The Four False Weapons
- First US edition
- Author: John Dickson Carr
- Language: English
- Series: Henri Bencolin
- Genre: Mystery, Detective novel
- Publisher: Hamish Hamilton (UK) & Harper (USA, 1938)
- Publication date: 1937
- Publication place: United Kingdom
- Media type: Print (Hardback & Paperback)
- Pages: 222 pp (Popular Library #282, paperback edition, 1950)

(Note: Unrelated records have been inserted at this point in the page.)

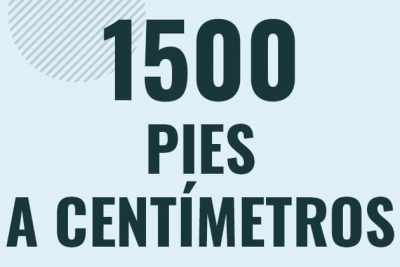 Profesor en pizarra explicando cuanto es 1500 pies en centimetros o como pasar de 1500 ft a cm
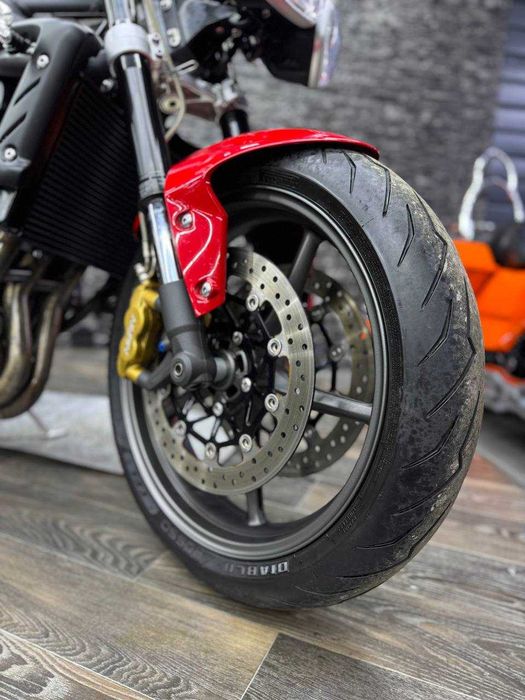 Triumph Street Triple 675 R Batyr Moto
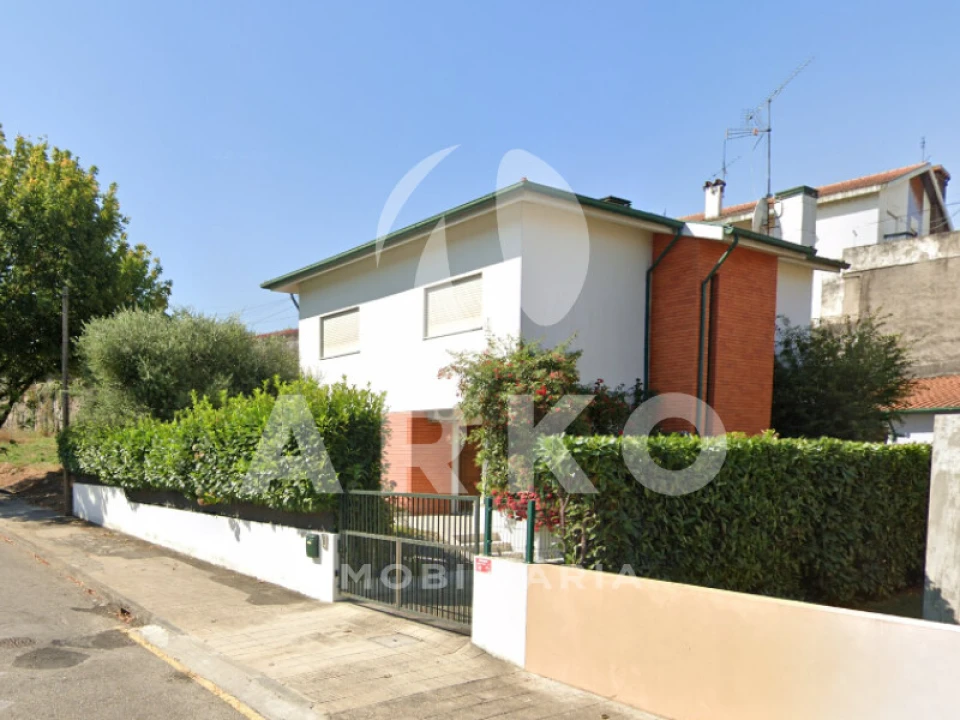 Moradia T3 para Venda em Santo Tirso, Couto (Santa Cristina e São Miguel) e Burgães Foto 3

= The Four False Weapons =

1937 novel by John Dickson Carr

The Four False Weapons, first published in 1937, is a detective story by John Dickson Carr featuring his series detective Henri Bencolin. This novel contains a locked-room situation.

==Plot summary==

Richard Curtis is a junior British barrister entrusted with disentangling a client of the firm, Ralph Douglas, from his involvement with poule de luxe Rose Klonec. The infamous Rose has had more lovers than she can count—she removes all their cash and jewelry in the process, then discards them. Rose's dead body has been found in Douglas's country villa and in the room are a pistol, a razor, a box of poison pills and a stiletto. Henri Bencolin, of the Paris police, proves that none of these four weapons were used to kill Rose, and that she has been the victim of an unusual fifth. The comings and goings at the villa that night are the subject of much investigation. It is not until Bencolin is invited to take a hand at the Corpses' Club to play a 17th-century game of chance, Basset, that has never been played by any living person, that he resolves the contradictions and solves the crimes.